Concept: For definite integrals over symmetric limits, an important property is: \[ \int_a^b f(x)\,dx = \int_a^b f(a+b-x)\,dx \] This property is particularly useful when the function contains expressions like \( \sin x \) and \( \cos x \), since under the transformation \( x \to \frac{\pi}{2}-x \): \[ \sin\left(\frac{\pi}{2}-x\right)=\cos x, \qquad \cos\left(\frac{\pi}{2}-x\right)=\sin x \] Using this symmetry often simplifies integrals significantly.

Step 1: Let the given integral be \[ I=\int_{0}^{\pi/2} \frac{\sqrt{\sin x}}{\sqrt{\sin x}+\sqrt{\cos x}}\,dx \]

Step 2: Use the property \( \int_a^b f(x)dx=\int_a^b f(a+b-x)dx \). Here \(a=0\) and \(b=\frac{\pi}{2}\). Replace \(x\) with \( \frac{\pi}{2}-x \): \[ I=\int_{0}^{\pi/2} \frac{\sqrt{\sin\left(\frac{\pi}{2}-x\right)}} {\sqrt{\sin\left(\frac{\pi}{2}-x\right)}+\sqrt{\cos\left(\frac{\pi}{2}-x\right)}}\,dx \] Using trigonometric identities: \[ \sin\left(\frac{\pi}{2}-x\right)=\cos x, \qquad \cos\left(\frac{\pi}{2}-x\right)=\sin x \] Thus, \[ I=\int_{0}^{\pi/2} \frac{\sqrt{\cos x}}{\sqrt{\cos x}+\sqrt{\sin x}}\,dx \]

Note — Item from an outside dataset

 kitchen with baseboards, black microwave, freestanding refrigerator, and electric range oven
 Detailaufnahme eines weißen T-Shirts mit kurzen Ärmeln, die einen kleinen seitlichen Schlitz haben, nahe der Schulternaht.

Step 3: Add the two expressions for \(I\). \[ 2I= \int_{0}^{\pi/2} \left( \frac{\sqrt{\sin x}}{\sqrt{\sin x}+\sqrt{\cos x}} + \frac{\sqrt{\cos x}}{\sqrt{\cos x}+\sqrt{\sin x}} \right)dx \] Since the denominators are the same: \[ \frac{\sqrt{\sin x}}{\sqrt{\sin x}+\sqrt{\cos x}} + \frac{\sqrt{\cos x}}{\sqrt{\cos x}+\sqrt{\sin x}} =1 \] Therefore, \[ 2I=\int_{0}^{\pi/2} 1\,dx \]

Step 4: Evaluate the remaining integral. \[ 2I=\left[x\right]_{0}^{\pi/2} =\frac{\pi}{2} \] \[ I=\frac{\pi}{4} \]